Some elements in Pakistan know where bin Laden is: Clinton

Clinton also said the Pakistanis leadership during her visit to Islamabad has been told to take on every non-governmental armed force inside the country.

The US' top diplomat said Pakistan's intelligence establishment must share with the US any information about movement of bin Laden and al-Qaeda number two Ayman al-Zawahiri.

"I want those guys. I will not be satisfied until we get them," she said in interviews to American TV channels during her just concluded visit to Islamabad.
"...I assume somebody, somebody in this government, from top to bottom, does know where bin Laden is. And I'd like to know too. So I think we've got to keep pressure on, which we are doing," Clinton said.

"I don't want to put a proximity or timeline on it (getting bin Laden). As I've said, we have gotten closer because we have been able to kill a number of their trainers, their operational people, their financiers," Clinton told Fox News channel.
She said the US and international forces were getting closer to the fugitive. "But I won't be satisfied until we get it done."
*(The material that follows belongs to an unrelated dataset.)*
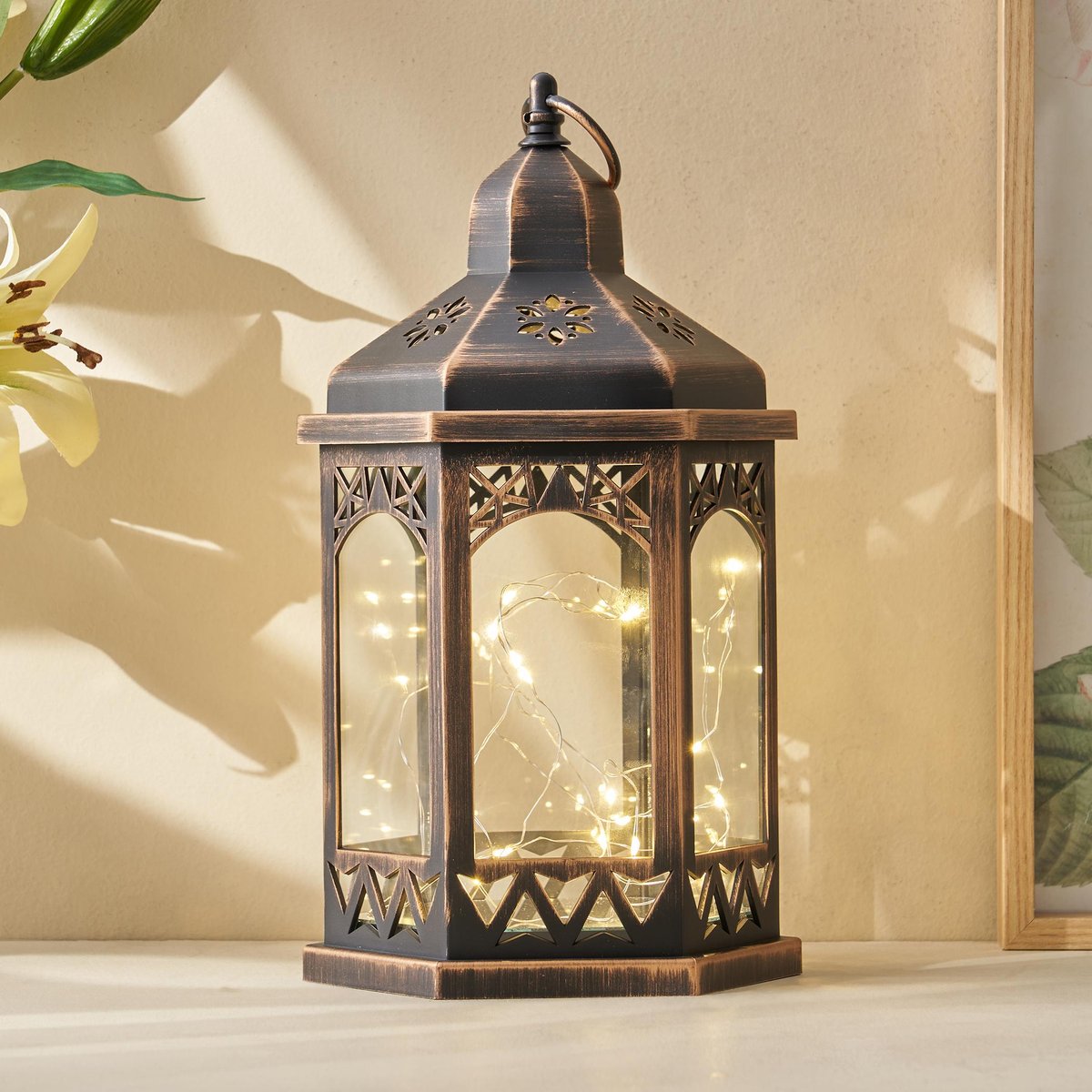 Buy Pegasus Zuric Hanging Lantern with LED Lights from Home Centre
"I think elements in the government do (know the whereabouts of bin Laden). I've said that before. But I think it is also important to know we have been getting with Pakistani cooperation a lot of the top leadership of Al Qaeda," she said.

Referring to Pakistan taking up the fight against militant groups, Clinton told another TV channel that there were arguments put forward by Islamabad that how many fights that they can take on with various groups.

To this, Clinton said she had told the Pakistani leadership "look, you've got to take on every non-governmental armed force inside your country, because even though you think they won't bother you today, there is no guarantee. Its like keeping a poisonous snake in your backyard.

"Oh, it will only go after the stranger or intruder, You don't know whether tomorrow it will go after you, so we have been making that case and I find greater receptivity to it, but we still have to make it stronger," she said in an another interview in MSNBC on the same topic.

"We haven't gotten bin Laden or Zawahiri, but we've consistently been able to track and kill a lot of their principal leadership. So there is a story to be told here. It's not yet what I want it to be, because as having been a senator from New York on 9/11," she said.
On Pakistan's cooperation in the hunt, Clinton said, "I think that's because if I put myself into a position of leadership in our own government, and if there were a terrorist network operating somewhere, even in the most remote place in the United States, some sheriff, some local state policeman, somebody in our collective government would probably know that there was something suspicious going on," she said.